The study found that the domesticated cotton plant possesses far less genetic diversity – the variety of genetic characteristics within a species – than its wild counterparts. Less genetic diversity can lower the ability of a species to adapt to environmental changes such as exposure to diseases.
“We know that domestication often leads to a loss of genetic diversity as early farmers were selecting for valuable traits, and then to further reductions as crop improvement intensified the selection pressure,” Grover said.
“Here, we can see what this means globally for the cotton genome, and how it compares to what still remains in the wild. This wild diversity is important because traits that were inadvertently lost – certain pest resistance, for example – may be valuable in incorporating into our modern cultivars,” Grover said.
Another cotton species – Gossypium barbadense, or extra-long staple cotton – was domesticated in the Americas, in Peru or Ecuador, at roughly the same time as upland cotton, and now constitutes approximately 5% of world cotton production.

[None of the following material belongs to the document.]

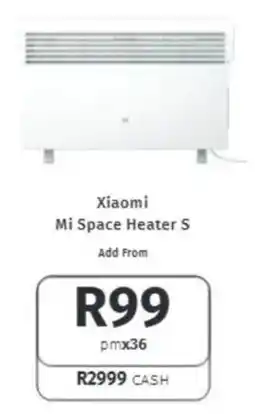 Vodacom Xiaomi Mi Space Heater S offer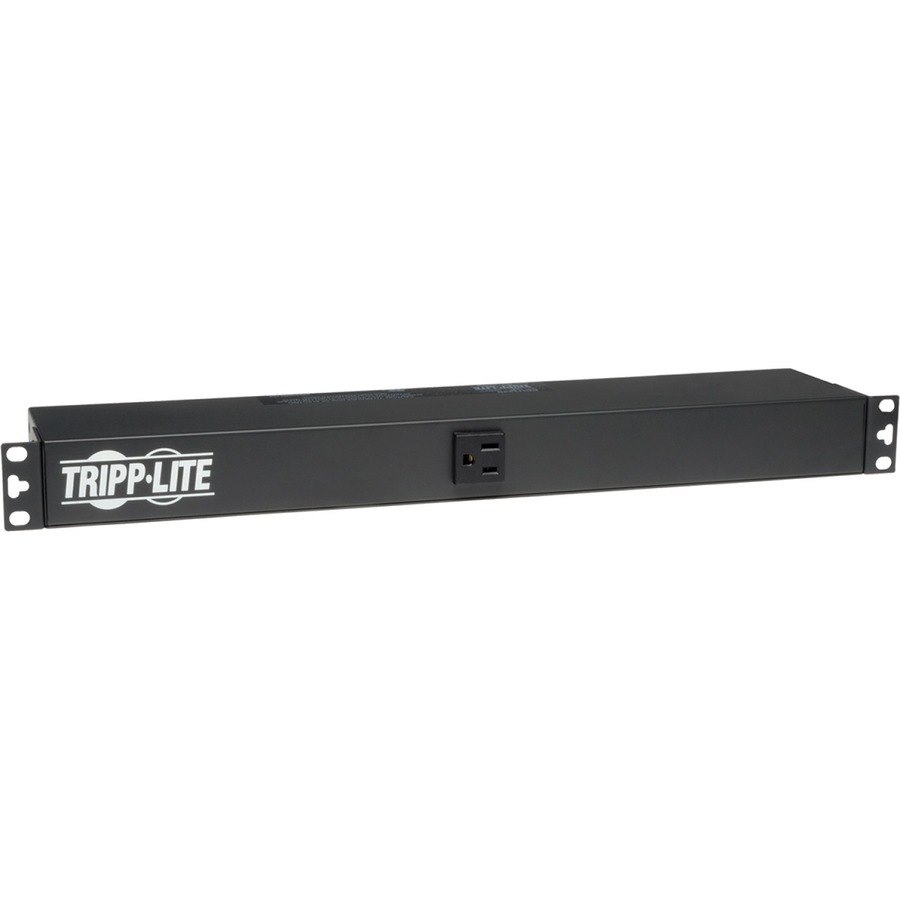 Tripp Lite by Eaton 1.8kW 120V Single-Phase Basic PDU - 13 NEMA 5-15R Outlets, 5-15P Input, 6 ft. Cord, 1U Rack-Mount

Two other domesticated species – Gossypium arboreum from the Indian subcontinent and Gossypium herbaceum from sub-Saharan Africa and the Arabian Peninsula – make up the rest.
Cotton far exceeds other fiber crops such as flax, jute and hemp in production.
“The demand for cotton, while varying year to year, remains high and appears to be on a general upward trend,” Grover said.
The invention of the cotton gin, a machine that automated the separation of seeds from cotton fibers, in the United States at the end of the 18th century dramatically increased processing speeds and made cotton farming highly profitable. This drove an expansion of slavery in the U.S. South amid increased demand for labor to plant, pick and harvest the valuable crop.
“Cotton has a complicated history, most notably its association with slavery, exploitation of Indigenous peoples and imperial expansion. But it is also an enduring crop, one that is woven into the lives of people worldwide,” Grover said.